• _Work to be completed_
In the listing below, find the line containing "Главу Нюрбинского района выпустят из СИЗО" and the line containing "Апартаменти Wrocapartments Starcenter". Repeat exactly those two lines and every line between them.
┌────────
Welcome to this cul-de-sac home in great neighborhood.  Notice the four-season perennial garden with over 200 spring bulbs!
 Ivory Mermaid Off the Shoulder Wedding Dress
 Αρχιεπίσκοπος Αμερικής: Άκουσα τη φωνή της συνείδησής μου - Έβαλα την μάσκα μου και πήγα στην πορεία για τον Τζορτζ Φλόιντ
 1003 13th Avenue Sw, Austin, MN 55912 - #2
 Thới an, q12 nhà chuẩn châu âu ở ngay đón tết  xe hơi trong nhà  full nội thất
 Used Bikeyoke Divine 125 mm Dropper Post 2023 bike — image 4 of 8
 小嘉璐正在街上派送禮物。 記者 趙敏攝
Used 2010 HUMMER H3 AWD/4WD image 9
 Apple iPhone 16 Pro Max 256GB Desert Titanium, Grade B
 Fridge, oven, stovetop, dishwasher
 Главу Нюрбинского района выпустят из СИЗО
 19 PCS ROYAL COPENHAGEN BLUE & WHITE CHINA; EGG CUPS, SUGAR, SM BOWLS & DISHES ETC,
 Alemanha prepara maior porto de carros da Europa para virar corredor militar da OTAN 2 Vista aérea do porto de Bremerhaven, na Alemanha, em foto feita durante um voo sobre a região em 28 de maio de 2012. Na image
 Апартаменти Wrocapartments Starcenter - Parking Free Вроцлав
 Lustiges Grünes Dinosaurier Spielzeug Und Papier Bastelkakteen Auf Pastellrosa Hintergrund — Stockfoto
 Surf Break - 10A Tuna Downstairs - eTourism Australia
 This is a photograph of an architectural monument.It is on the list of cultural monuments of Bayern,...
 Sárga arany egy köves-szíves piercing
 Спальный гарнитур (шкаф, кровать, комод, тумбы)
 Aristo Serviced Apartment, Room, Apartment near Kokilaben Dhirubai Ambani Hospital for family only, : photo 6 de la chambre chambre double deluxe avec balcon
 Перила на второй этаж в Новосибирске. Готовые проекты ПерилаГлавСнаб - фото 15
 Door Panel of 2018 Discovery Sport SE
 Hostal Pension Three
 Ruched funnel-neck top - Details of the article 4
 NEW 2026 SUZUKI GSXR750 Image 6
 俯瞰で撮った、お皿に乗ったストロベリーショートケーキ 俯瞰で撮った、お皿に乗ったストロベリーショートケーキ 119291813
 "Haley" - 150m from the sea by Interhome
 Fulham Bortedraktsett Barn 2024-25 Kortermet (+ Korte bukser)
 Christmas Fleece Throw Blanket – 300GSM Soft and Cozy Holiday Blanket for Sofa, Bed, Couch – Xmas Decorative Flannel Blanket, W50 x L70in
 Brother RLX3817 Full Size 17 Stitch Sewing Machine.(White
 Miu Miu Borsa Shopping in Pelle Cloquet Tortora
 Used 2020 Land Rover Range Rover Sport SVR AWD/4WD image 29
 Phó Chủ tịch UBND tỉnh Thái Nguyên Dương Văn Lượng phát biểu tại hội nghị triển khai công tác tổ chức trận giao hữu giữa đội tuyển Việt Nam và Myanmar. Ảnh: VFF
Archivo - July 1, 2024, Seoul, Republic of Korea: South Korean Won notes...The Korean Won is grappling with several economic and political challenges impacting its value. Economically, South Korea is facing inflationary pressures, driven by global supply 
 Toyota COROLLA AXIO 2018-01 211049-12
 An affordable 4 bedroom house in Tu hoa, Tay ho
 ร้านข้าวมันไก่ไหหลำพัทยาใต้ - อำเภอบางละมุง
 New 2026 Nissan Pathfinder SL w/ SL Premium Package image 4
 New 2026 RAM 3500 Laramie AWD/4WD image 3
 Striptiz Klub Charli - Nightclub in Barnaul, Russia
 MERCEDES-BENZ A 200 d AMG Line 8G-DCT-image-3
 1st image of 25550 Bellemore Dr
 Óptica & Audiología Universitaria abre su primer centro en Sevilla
└────────
• _Output for this task_
 Главу Нюрбинского района выпустят из СИЗО
 19 PCS ROYAL COPENHAGEN BLUE & WHITE CHINA; EGG CUPS, SUGAR, SM BOWLS & DISHES ETC,
 Alemanha prepara maior porto de carros da Europa para virar corredor militar da OTAN 2 Vista aérea do porto de Bremerhaven, na Alemanha, em foto feita durante um voo sobre a região em 28 de maio de 2012. Na image
 Апартаменти Wrocapartments Starcenter - Parking Free Вроцлав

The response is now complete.